## TASK PROMPT
The material below holds a span beginning at the line with "Exact Tile Inc" and ending at the line with "5FPYK3F53JB015829 2018 HONDA". Quote that span exactly, both ends included, and only that span.

## INPUT FOR THIS TASK
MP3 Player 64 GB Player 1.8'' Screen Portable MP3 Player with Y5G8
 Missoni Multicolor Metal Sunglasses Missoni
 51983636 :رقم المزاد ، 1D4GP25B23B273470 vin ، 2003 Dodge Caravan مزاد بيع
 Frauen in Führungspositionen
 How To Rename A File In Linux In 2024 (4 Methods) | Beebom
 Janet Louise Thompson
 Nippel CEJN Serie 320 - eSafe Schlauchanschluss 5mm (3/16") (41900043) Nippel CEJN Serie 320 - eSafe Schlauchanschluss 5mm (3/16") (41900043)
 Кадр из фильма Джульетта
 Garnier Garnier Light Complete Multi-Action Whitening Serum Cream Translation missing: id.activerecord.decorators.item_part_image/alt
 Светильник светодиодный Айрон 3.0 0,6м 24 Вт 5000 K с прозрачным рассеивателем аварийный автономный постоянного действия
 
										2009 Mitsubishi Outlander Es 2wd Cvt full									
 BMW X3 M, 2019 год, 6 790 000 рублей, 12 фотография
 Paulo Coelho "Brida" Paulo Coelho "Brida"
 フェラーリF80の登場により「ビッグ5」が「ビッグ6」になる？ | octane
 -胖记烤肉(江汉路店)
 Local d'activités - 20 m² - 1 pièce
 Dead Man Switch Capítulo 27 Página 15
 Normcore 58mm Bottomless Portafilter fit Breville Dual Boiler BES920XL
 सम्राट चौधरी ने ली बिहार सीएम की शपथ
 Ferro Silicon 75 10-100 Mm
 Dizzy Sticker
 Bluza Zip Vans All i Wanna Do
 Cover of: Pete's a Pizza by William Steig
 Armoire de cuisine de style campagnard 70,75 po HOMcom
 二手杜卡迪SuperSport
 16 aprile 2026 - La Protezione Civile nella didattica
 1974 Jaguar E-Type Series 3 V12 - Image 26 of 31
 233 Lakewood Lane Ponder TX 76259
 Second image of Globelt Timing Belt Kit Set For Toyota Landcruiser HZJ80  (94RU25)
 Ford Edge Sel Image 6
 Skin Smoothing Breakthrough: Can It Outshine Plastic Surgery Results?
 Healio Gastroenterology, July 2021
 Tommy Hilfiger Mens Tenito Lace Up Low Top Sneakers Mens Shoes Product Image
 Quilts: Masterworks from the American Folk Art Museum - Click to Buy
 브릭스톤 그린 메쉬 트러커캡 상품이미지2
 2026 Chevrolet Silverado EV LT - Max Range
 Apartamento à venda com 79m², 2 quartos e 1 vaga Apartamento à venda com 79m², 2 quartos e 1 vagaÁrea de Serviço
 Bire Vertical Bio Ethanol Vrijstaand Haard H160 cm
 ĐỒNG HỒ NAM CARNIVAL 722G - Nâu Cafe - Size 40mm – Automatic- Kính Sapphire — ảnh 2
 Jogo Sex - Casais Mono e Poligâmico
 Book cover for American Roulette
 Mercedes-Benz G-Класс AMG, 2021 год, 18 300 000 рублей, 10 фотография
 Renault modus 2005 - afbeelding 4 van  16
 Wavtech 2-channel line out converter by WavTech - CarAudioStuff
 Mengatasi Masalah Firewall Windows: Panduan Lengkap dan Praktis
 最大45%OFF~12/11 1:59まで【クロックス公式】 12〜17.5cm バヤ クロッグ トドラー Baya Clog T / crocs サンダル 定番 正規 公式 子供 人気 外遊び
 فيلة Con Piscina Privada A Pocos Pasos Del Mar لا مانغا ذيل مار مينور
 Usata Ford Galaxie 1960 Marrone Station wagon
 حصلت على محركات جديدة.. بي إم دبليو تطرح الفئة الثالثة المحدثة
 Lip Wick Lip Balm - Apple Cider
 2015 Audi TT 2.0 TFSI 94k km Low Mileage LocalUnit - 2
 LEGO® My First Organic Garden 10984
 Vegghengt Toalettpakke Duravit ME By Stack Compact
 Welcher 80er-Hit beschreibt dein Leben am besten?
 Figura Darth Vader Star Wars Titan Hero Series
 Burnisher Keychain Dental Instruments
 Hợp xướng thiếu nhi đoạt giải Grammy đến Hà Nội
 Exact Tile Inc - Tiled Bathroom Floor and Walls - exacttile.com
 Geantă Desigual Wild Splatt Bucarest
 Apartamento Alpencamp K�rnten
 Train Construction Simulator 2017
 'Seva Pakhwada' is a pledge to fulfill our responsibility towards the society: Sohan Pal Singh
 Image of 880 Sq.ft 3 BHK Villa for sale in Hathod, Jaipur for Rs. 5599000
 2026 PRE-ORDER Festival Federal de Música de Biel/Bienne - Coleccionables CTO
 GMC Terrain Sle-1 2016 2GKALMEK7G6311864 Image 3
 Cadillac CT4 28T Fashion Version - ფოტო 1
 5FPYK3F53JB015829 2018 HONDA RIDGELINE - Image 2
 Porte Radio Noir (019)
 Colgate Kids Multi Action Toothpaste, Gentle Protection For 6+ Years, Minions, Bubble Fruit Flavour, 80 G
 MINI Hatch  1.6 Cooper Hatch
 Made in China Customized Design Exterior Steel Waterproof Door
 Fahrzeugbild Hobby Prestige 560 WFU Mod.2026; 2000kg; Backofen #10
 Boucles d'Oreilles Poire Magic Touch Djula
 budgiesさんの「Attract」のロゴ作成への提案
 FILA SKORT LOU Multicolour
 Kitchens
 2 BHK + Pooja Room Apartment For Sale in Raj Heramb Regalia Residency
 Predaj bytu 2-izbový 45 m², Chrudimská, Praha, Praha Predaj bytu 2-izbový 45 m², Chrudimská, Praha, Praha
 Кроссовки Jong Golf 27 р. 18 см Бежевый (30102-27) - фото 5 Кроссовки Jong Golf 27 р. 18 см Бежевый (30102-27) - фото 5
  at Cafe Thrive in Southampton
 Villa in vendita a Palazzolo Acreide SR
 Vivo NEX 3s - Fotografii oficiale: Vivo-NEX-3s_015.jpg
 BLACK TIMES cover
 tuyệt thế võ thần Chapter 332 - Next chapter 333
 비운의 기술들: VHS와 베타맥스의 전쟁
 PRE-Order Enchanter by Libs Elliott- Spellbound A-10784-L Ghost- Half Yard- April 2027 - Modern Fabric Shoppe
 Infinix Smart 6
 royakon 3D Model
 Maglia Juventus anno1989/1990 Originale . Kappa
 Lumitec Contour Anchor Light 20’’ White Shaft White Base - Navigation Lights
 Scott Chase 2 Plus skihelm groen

## SOLUTION FOR THIS TASK
 Exact Tile Inc - Tiled Bathroom Floor and Walls - exacttile.com
 Geantă Desigual Wild Splatt Bucarest
 Apartamento Alpencamp K�rnten
 Train Construction Simulator 2017
 'Seva Pakhwada' is a pledge to fulfill our responsibility towards the society: Sohan Pal Singh
 Image of 880 Sq.ft 3 BHK Villa for sale in Hathod, Jaipur for Rs. 5599000
 2026 PRE-ORDER Festival Federal de Música de Biel/Bienne - Coleccionables CTO
 GMC Terrain Sle-1 2016 2GKALMEK7G6311864 Image 3
 Cadillac CT4 28T Fashion Version - ფოტო 1
 5FPYK3F53JB015829 2018 HONDA RIDGELINE - Image 2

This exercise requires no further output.